Spending the early years of his life in Jamaica before immigrating to Canada, Kevin experienced a culture rich with family, faith and support. His mother’s favourite lyric "If I can help somebody as I pass along, then my living shall not be in vain," from the song “If I Can Help Somebody,” became a philosophy through which Kevin molded his character.
His past work experiences include Deputy Superintendent Operations at the Toronto Don Jail, and Manager, Institutional Services and Emergency Response Training with the Ontario Correctional Services College. He believes his disciplined approach to think before acting separates him from many of the inmates he’s encountered throughout his career.
“I usually took a moment to think before making my decision,” he says.
With his compassion, Kevin feels a responsibility to help an individual where he can without stepping outside of his professional boundaries.
“I make a point of treating others the way I want to be treated,” says Kevin. “I give them the respect they deserve as human beings.”
Kevin has also shared his influence on a global stage. In 2007, he was part of a group on a Canadian Forces Operation assigned to help restore and advise the Republic of Sierra Leone Armed Forces after that country’s damaging civil war. Kevin spent several months providing tremendous guidance to the military as well as the villagers.
Similar to the song lyrics Kevin lives by, his own feelings were echoed by a young soldier in Sierra Leone, who said, “Mr. Junor made us feel like Canadians.”

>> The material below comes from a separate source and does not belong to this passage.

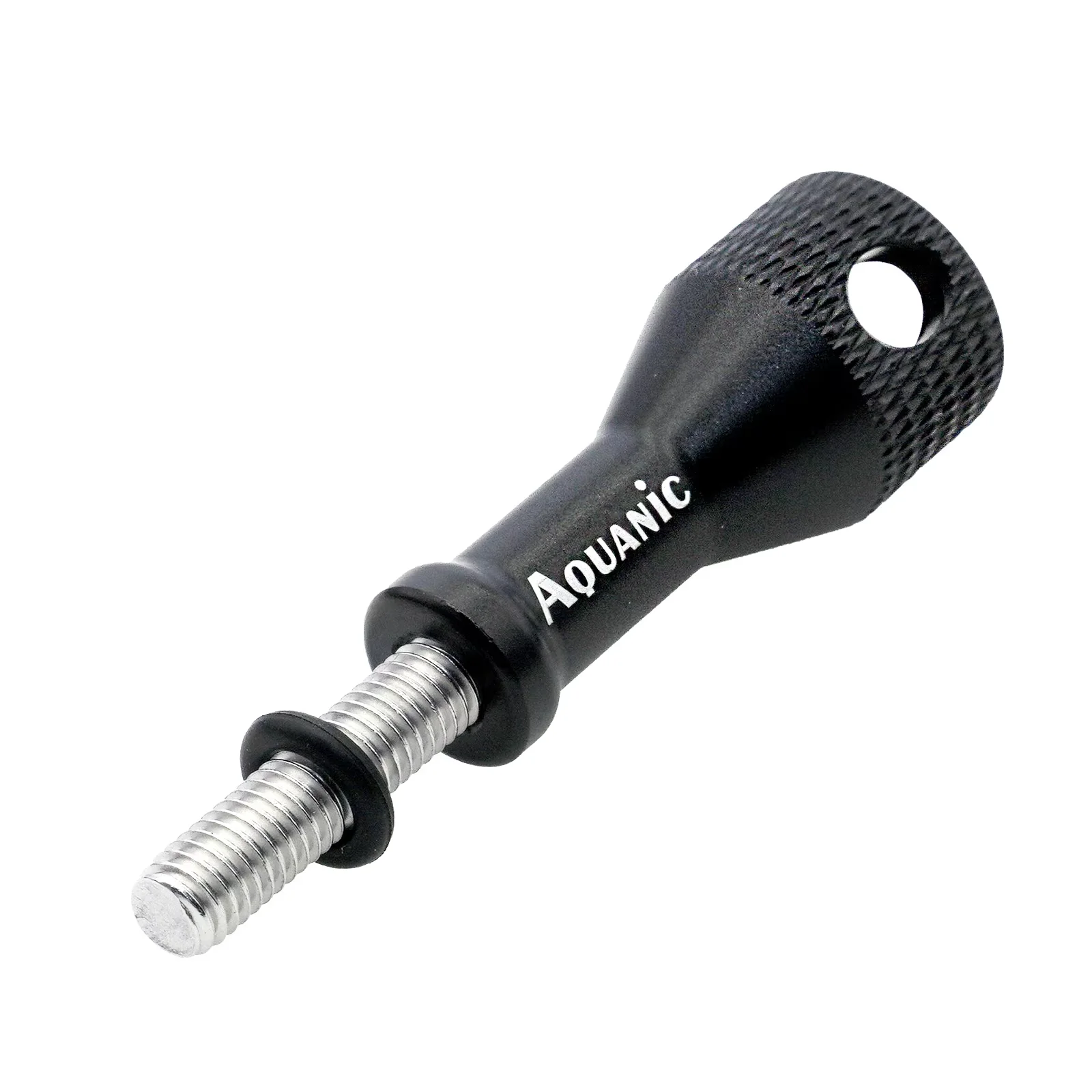 Aquanic Holey Alumi…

Prior to enrolling in Seneca’s Civil Engineering program, Kevin spent a year full time in the army reserves. His army career span over three decades and he became a highly celebrated figure, reaching the rank of Chief Warrant Officer, and Regimental Sergeant Major with the Toronto Scottish Regiment (the first black Canadian to achieve this distinction in the regiment). Kevin was awarded the Order of Military Merit for his service.

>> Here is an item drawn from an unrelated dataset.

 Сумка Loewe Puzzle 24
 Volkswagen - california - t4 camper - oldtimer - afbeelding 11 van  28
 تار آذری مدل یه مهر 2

Kevin’s believes the knowledge he’s gained and the skills he’s transferred across his various professional and military affiliations was enhanced with the foundation that he established at Seneca.
“I credit Seneca for helping me land a lab technician job with the Ministry of Transportation,” says Kevin. “I was recommended by somebody at the College, and to this day, I still don’t know who that person was.”

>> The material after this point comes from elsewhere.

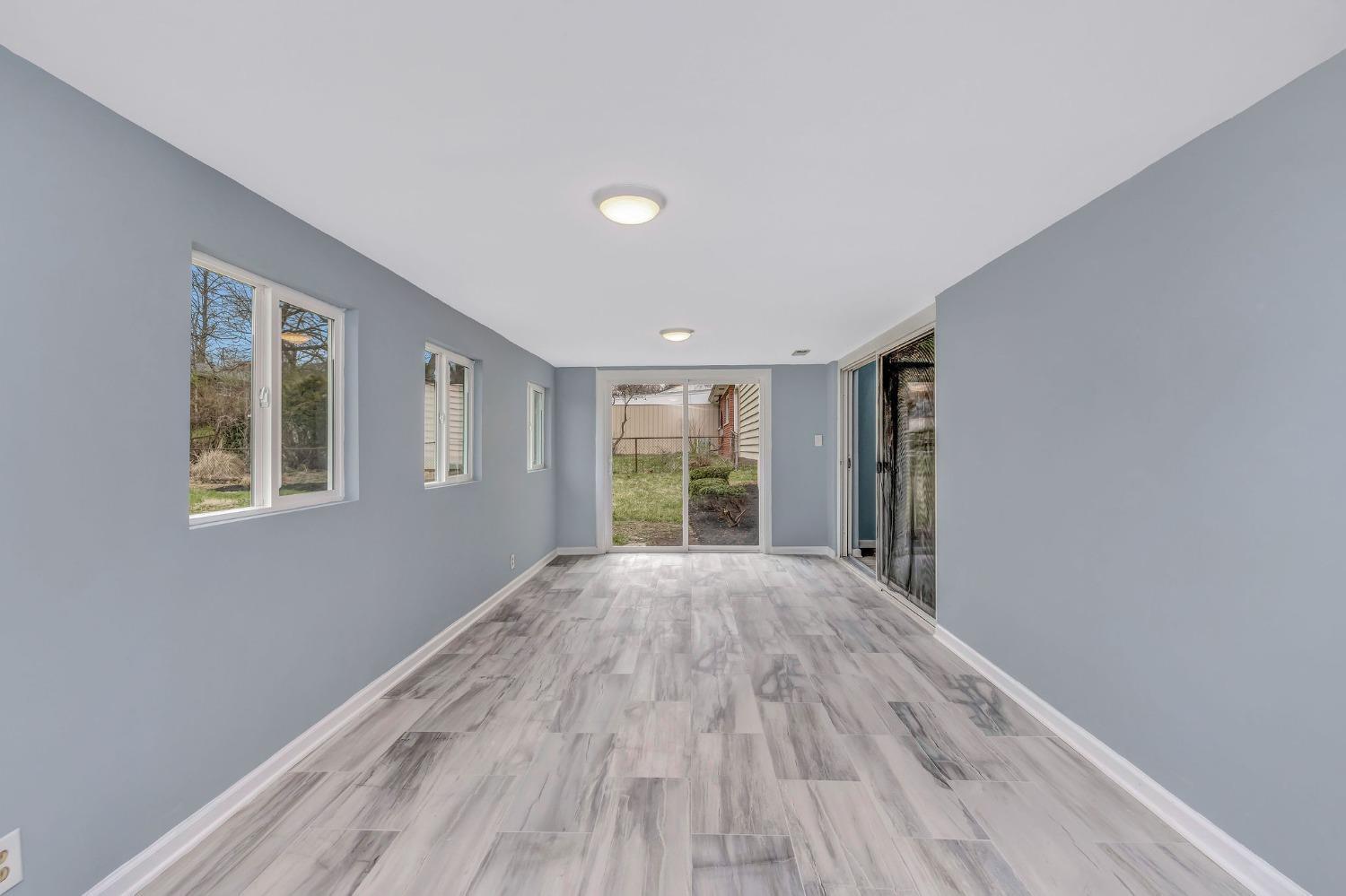 615 Waycross Road Forest Park, OH 45240 - Photo 21 of 37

Throughout his career, Kevin has earned countless awards, served on several high profile boards, and been a motivational speaker, championing leadership, human rights and diversity. He is also a youth mentor and a leader in every sense of the word. In 2010, Kevin was recognized by Seneca as a nominee for the Premier’s Award for outstanding college graduates. Yet, when asked about his proudest accomplishment, not surprisingly, Kevin looks to his family.
“When life pulls me in many directions, my wife and children keep me grounded,” says Kevin. “They are my anchor.”